Anti-Catholic prejudice was obvious here in Medfield and building under the surface. Dances held in Town Hall and open to all in town were frequently changed to “invitation only” after many Italian immigrants began attending. There was an unwritten rule for many in Medfield that one did not sell property to Catholics. Reports of the time gave accounts of rock throwing incidents at Italians on Frairy Street who tried to come “this side” of the railroad tracks. The Italian immigrants had settled mainly on Frairy Street.
In fact, a list of voters in 1925 shows almost every voter on that street having an Italian name. A new feeling of “Us” and “Them” developed in the community. A long-time resident told of a Medfield High School graduate who was reportedly denied a college scholarship due to the fact that he was an Italian Catholic. Several individual Medfield residents changed their last names to bring about a less “foreign” sounding name, fearing they would be unable to get jobs.
A Klu Klux Klan rally took place over the Charles River in Millis in 1925. Here in Medfield, the Italian Catholic Vasaturo family moved into the newly built Miller Street. Klan sympathizers began a petition drive to try to get the family off the street. During the early morning hours, the Vasaturo family woke up to a burning cross on their lawn.
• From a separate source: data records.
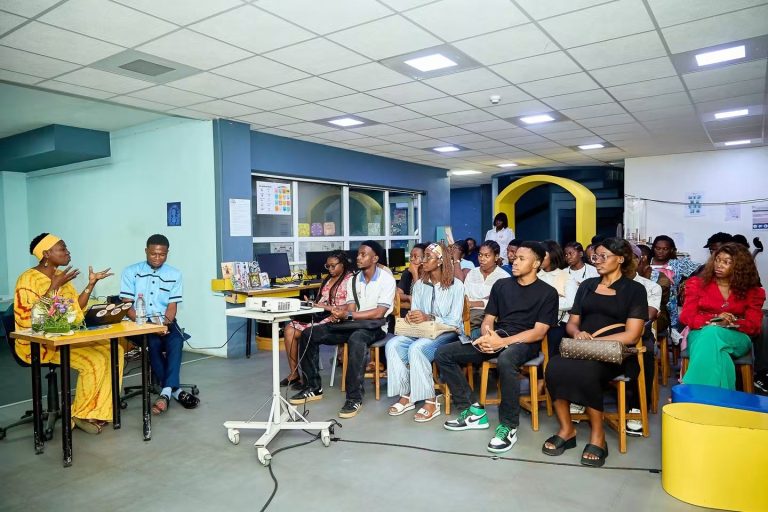 1003440851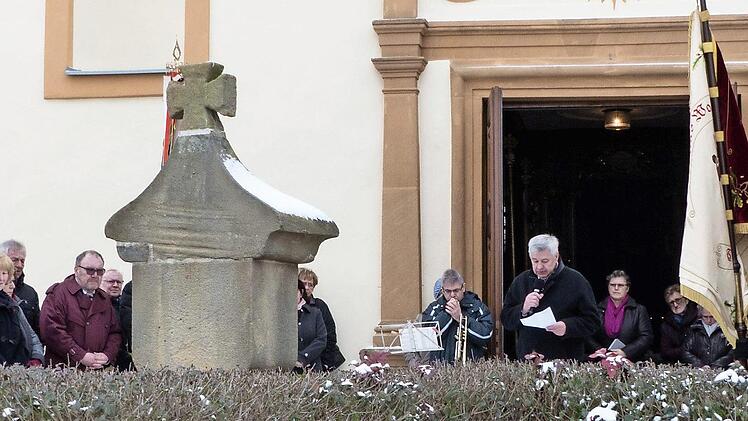 Begleitet von den Fahnenabordnungen der Vereine gedachte Johann Scheiger der verstorbenen VdK-Mitglieder am Ehrenmal für die Gefallenen der Weltkriege. Foto: Christian Ziegler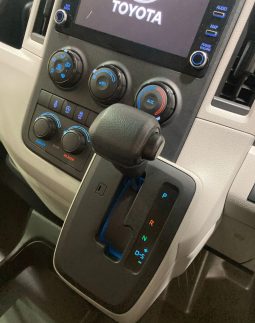 
										2020 Toyota Hiace full									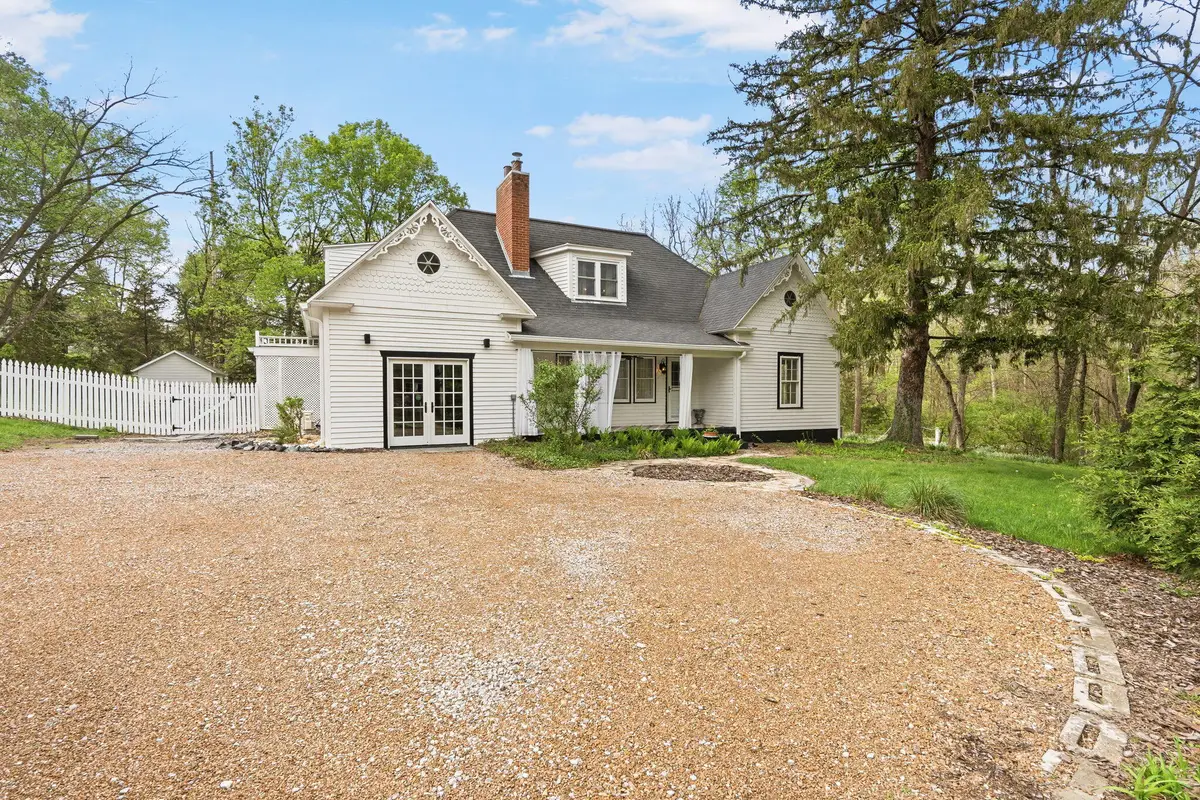 2400 Chapel Hill Rd, Columbia, MO 65203 - #1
It was a Protestant neighbor, Joe Roberts, who grabbed the petition when it came to his house and tour it up.
Said Roberts: “The Vasaturo’s like anyone else had the right to live anywhere they wanted in Medfield.” According to long-time residents, “the prejudice was here in Medfield until World War II, when the patriotism of the Irish and Italian Catholics was very evident and the war seemed to bring everyone together.”
Today almost 60 percent of Medfield residents list their religion as Catholic and the two largest ethnic groups in town are the Irish and the Italians. (Note: information concerning the KKK in Massachusetts and the Worcester area was obtained by “Once Told Tales of Worcester County, by Albert B. Southwick” (Worcester Telegram and Gazette, 1985).